START DATA TO USE
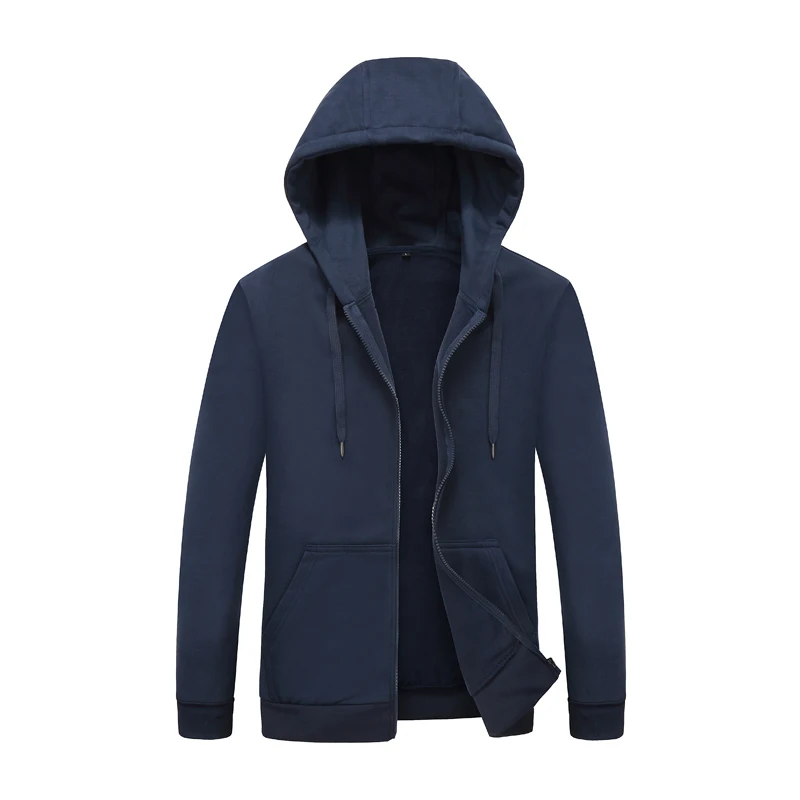 Men's hoodie with hood sweatshirt hip hop Hoody Hoodie Men zipper Casual Cotton pullover mens hoodies and sweatshirts 455 - Цвет: 627-Blue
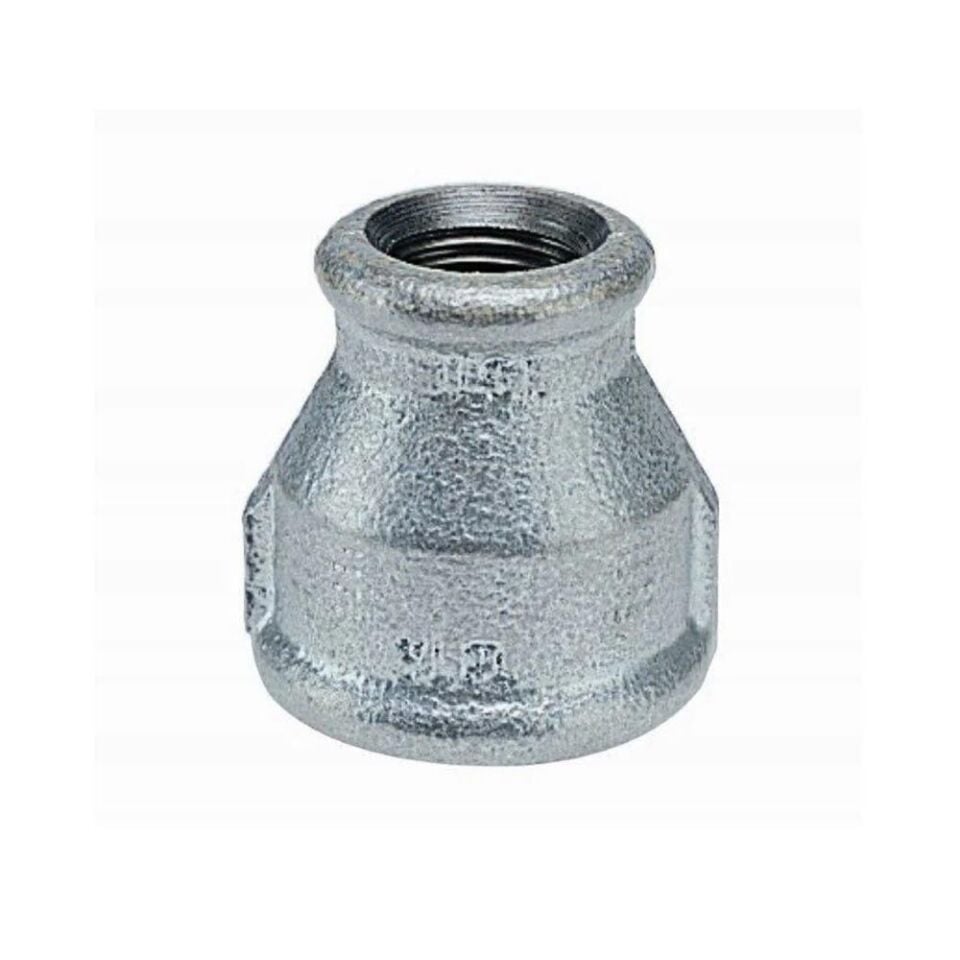 Trakya Döküm (Ekpaş) Galvaniz Dişli Manşon Redüksiyon - 2'' x 1/2''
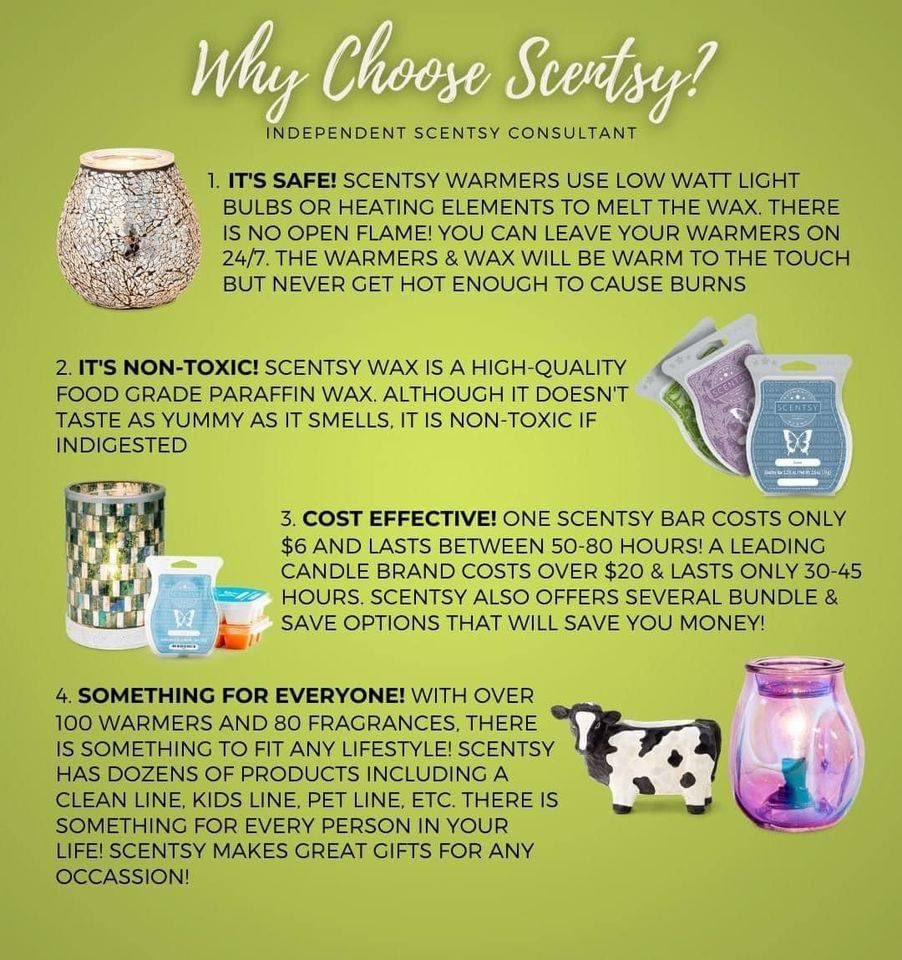 Not sure what Scentsy is? Don’t worry I’ll tell you all there is to know! 

For now, here’s a little general flyer about what we sell and why it is so great! ☺️ 

My link is ALWAYS in the BIO 😉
END DATA TO USE
YOUR TASK: Return word for word the line bearing "Trakya Döküm (Ekpaş)" and every later line of the entries, but none of the pictures.

RESULT FOR THIS TASK:
 Trakya Döküm (Ekpaş) Galvaniz Dişli Manşon Redüksiyon - 2'' x 1/2''
 Not sure what Scentsy is? Don’t worry I’ll tell you all there is to know! 

For now, here’s a little general flyer about what we sell and why it is so great! ☺️ 

My link is ALWAYS in the BIO 😉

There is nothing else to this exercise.